Publication Date

April 2016


Suzanne O'Connell


Earth and Environmental Sciences


English (United States)


As climate change intensifies and the world begins to feel its impacts, scientists are looking to past climatically similar periods to understand how our planet will respond. During the Pliocene Epoch (5.33-2.58 millions of years ago), the West Antarctic Ice Sheet (WAIS) nearly de-glaciated under peak CO2 concentrations of ~400 ppm (Fedorov et al., 2013) and global average temperatures 2-3°C warmer than pre-industrial values (Yamane et al., 2015). The sensitivity of the WAIS to CO2 and ocean temperature fluctuations on orbital timescales is well established (DeConto & Pollard, 2003; Naish et al., 2009). A more controversial question is how sensitive the East Antarctic Ice Sheet (EAIS) is to similar forcings. To address this question, we analyze sedimentological changes in Antarctic Weddell Sea ODP Site 697 marine cores deposited 3.8-3.0 Ma for cyclicities in ice sheet dynamics and bottom water fluctuations. Spectral analysis of fine fraction mineral assemblages identifies smectite, illite, chert, chalcedony, SiO2, garnet and feldspar. Continuous detrital smectite deposition points to high Antarctic Bottom Water (AABW) circulation through the Jane Basin 3.8 to 3.0 Ma.
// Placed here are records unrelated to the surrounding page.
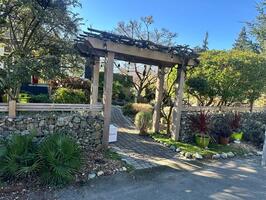 This is the street view of The Broadview Garden home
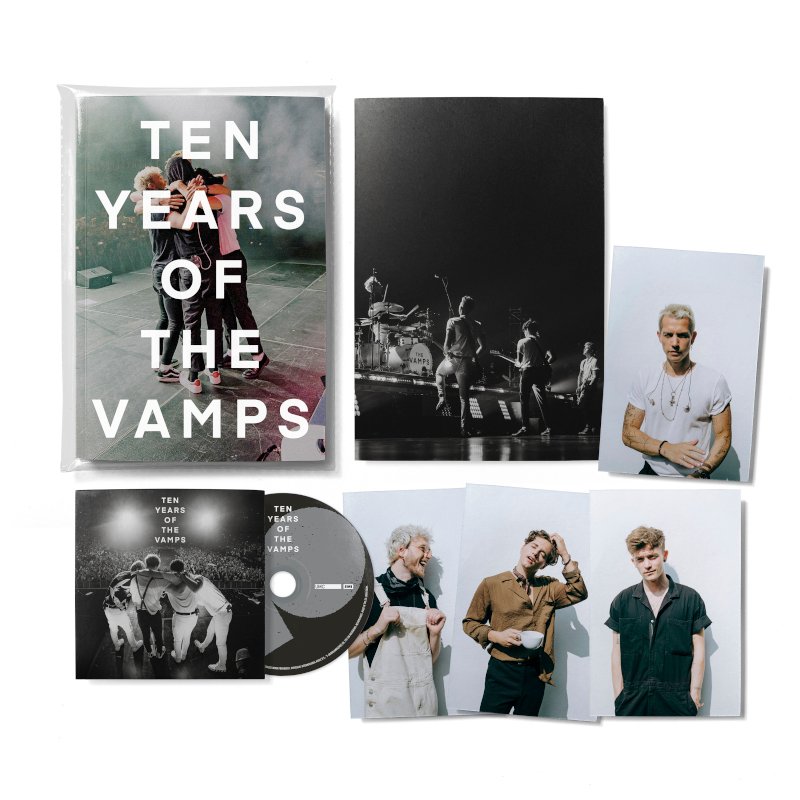 CD The Vamps - 10 YEARS OF THE VAMPS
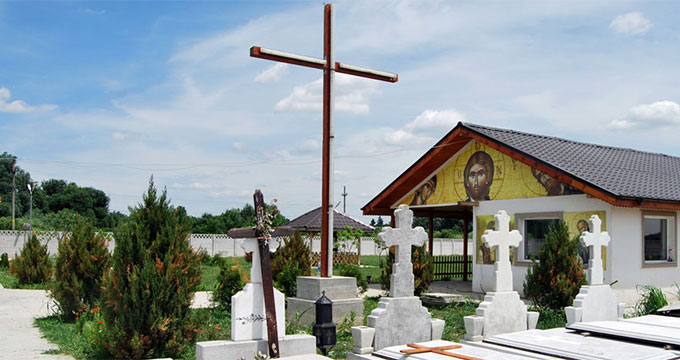 Locaşul promite ”liniştea veşnică”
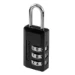 MasterLock Hangslot 20mm met cijfercombinatie - zwart vinyl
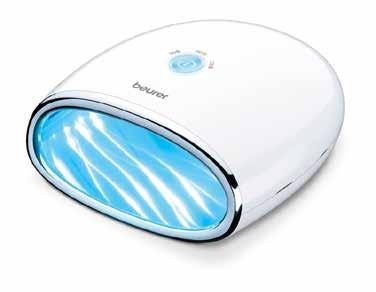 49 99 BEURER MP42 Manikúra/pedikúra priebežne nastaviteľný v smere hodinových ručičiek / proti smeru hodinových ručičiek Magic LED displej - zobrazí sa len počas prevádzky pre nechty rúk a nôh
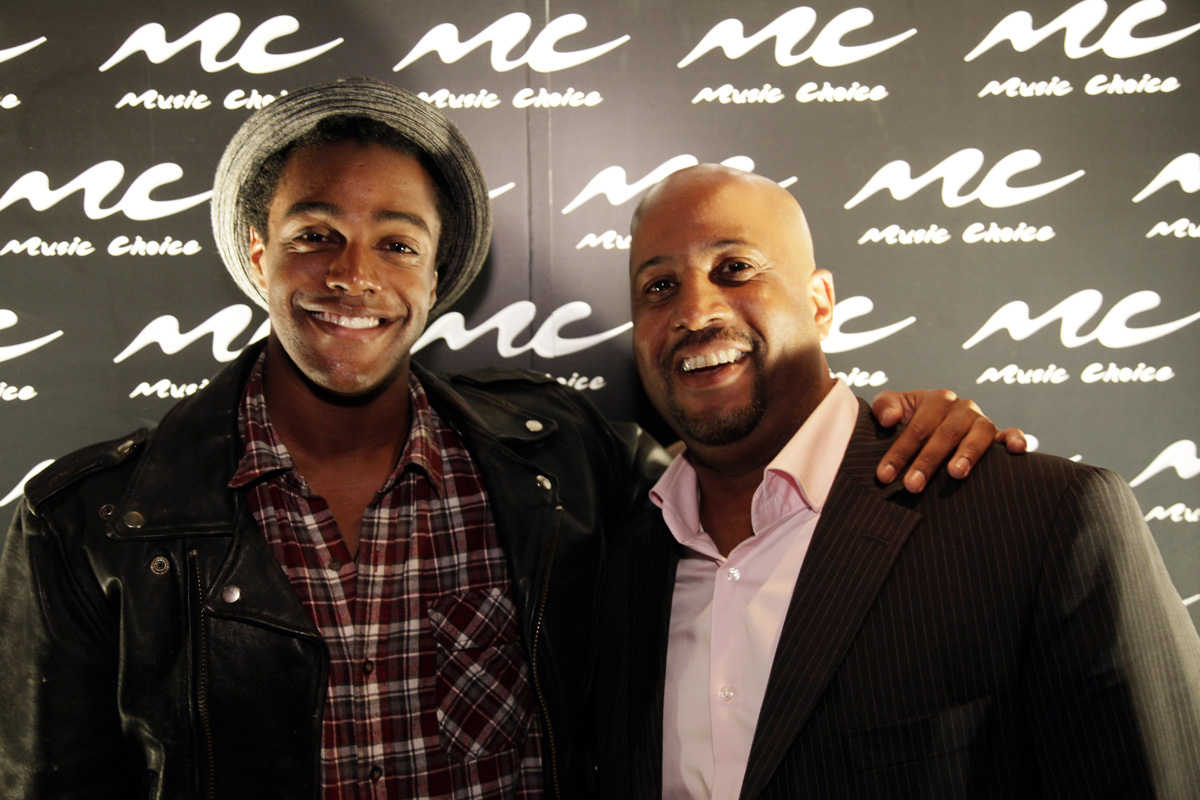 Eric Benet and Austin Brown performed at Music Choice's "An Evening of Diversity In Style" 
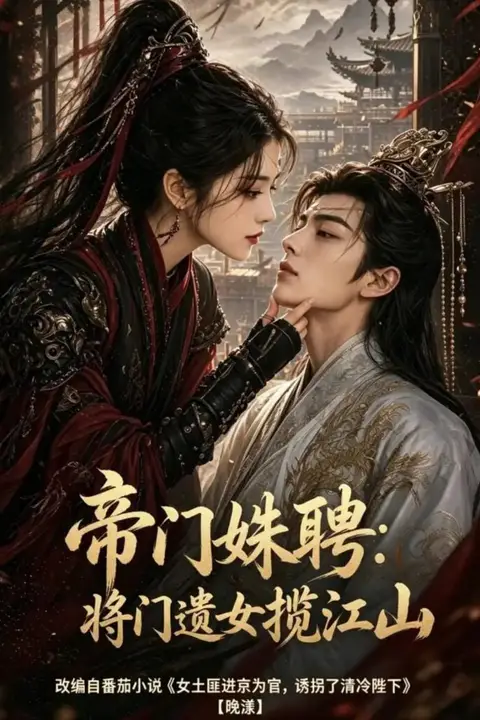 《帝门姝聘:将门遗女揽江山》封面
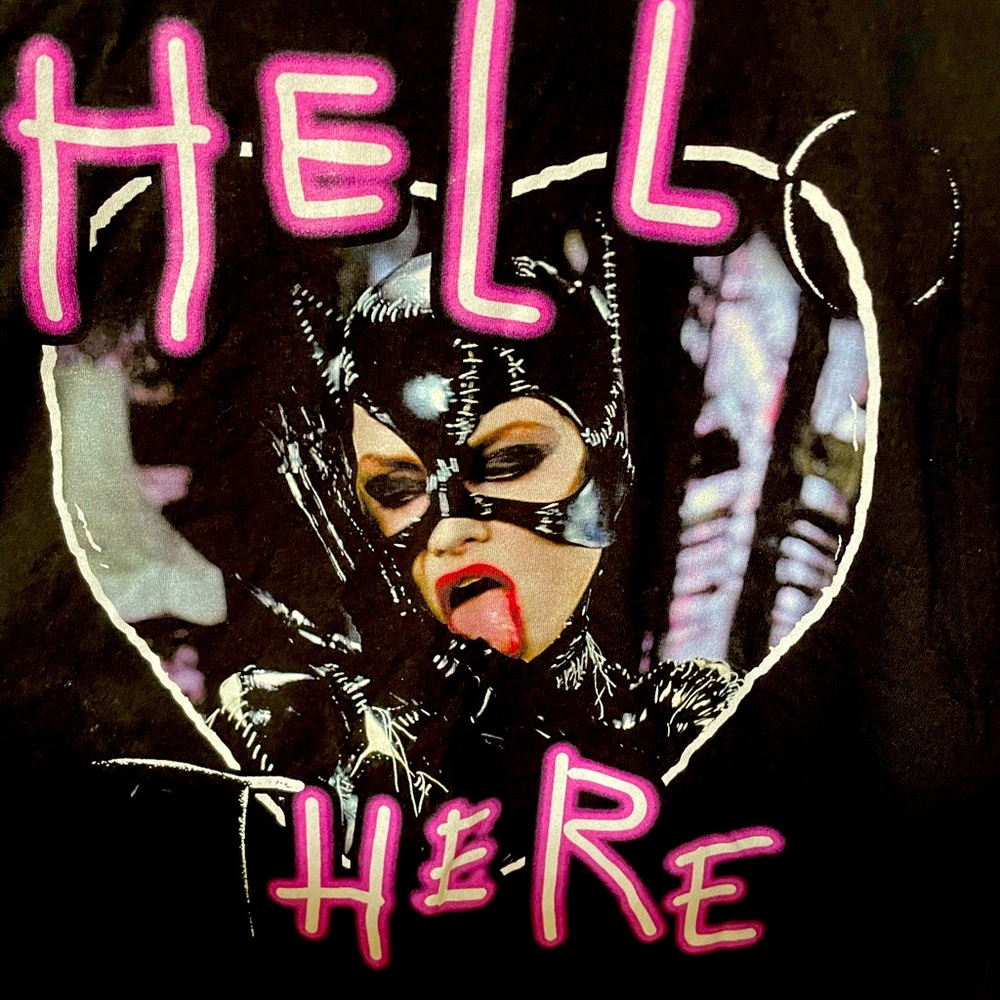 Hello there Catwoman tee
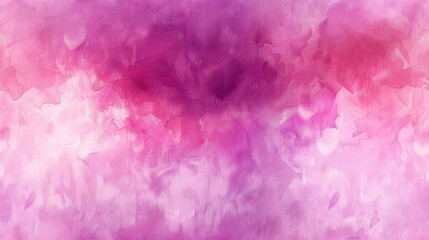 Fototapeta premium A digital abstract background with shades of pink and white. The colors blend together in a watercolor style, creating a soft and dreamy effect. The image is perfect for use as a background or for cre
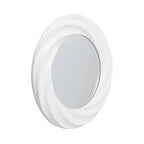 Mattise White Wall Mirror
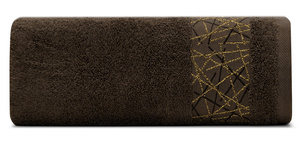 70 x 140 Terry Bath Towel Nika 04 Brown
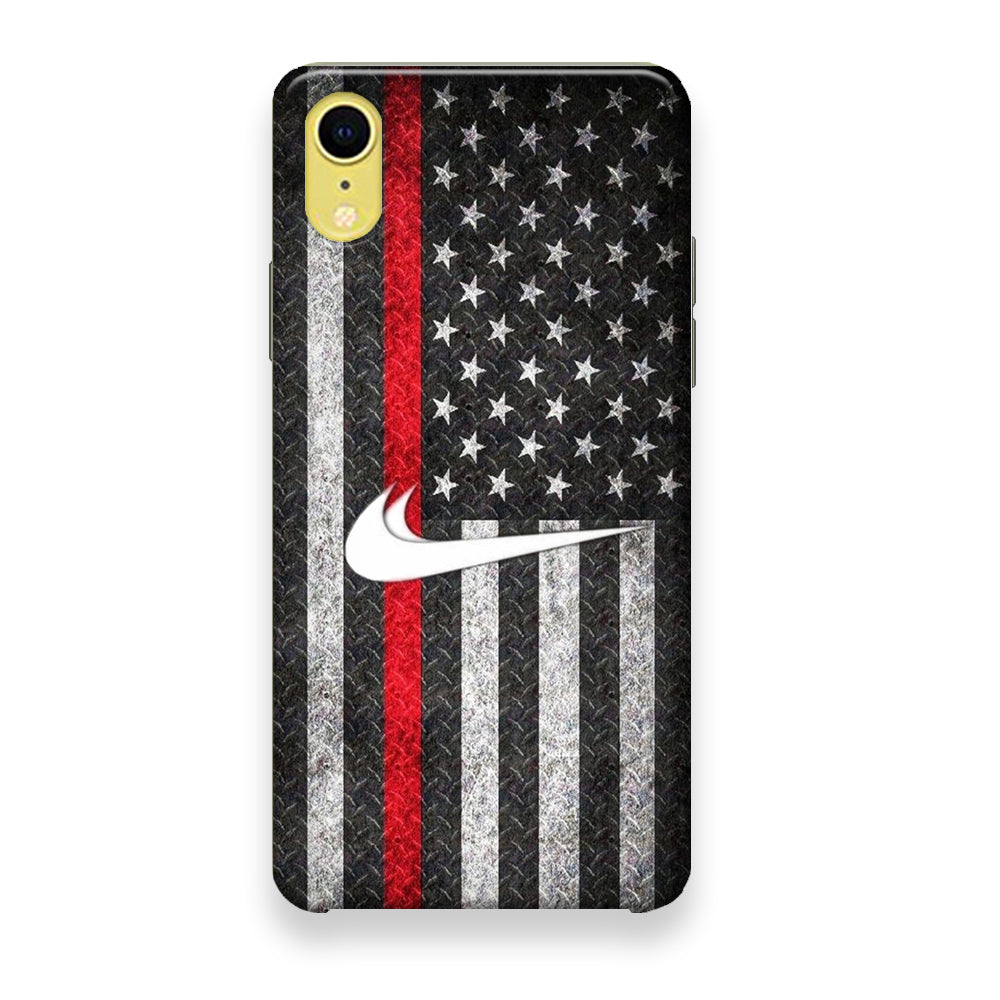 Nike Black Flag Steel iPhone XR Case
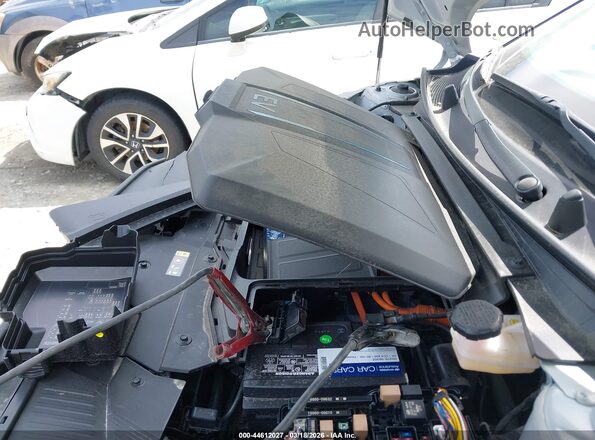 KM8KNDAF5PU218972 2023 HYUNDAI IONIQ 5 Silver Հետևի տեսք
Varimax-rotated principal component analysis and wavelet analysis of elemental count ratios suggest Jane Basin sediment deposition transitioned from a dominant eccentricity forcing with obliquity inputs to a dominant precession forcing modulated by eccentricity at ~3.3 Ma. Derived linear sedimentation rates slow from ~6.3 cm/kyr between 3.78 and 3.21 Ma to 4.74 cm/kyr between 3.14 and 3.03 Ma. These findings indicate that EAIS and WAIS behavior as moderated by an eccentricity and obliquity forcing during Pliocene peak warming and a precession forcing during cooler conditions after ~3.3 Ma.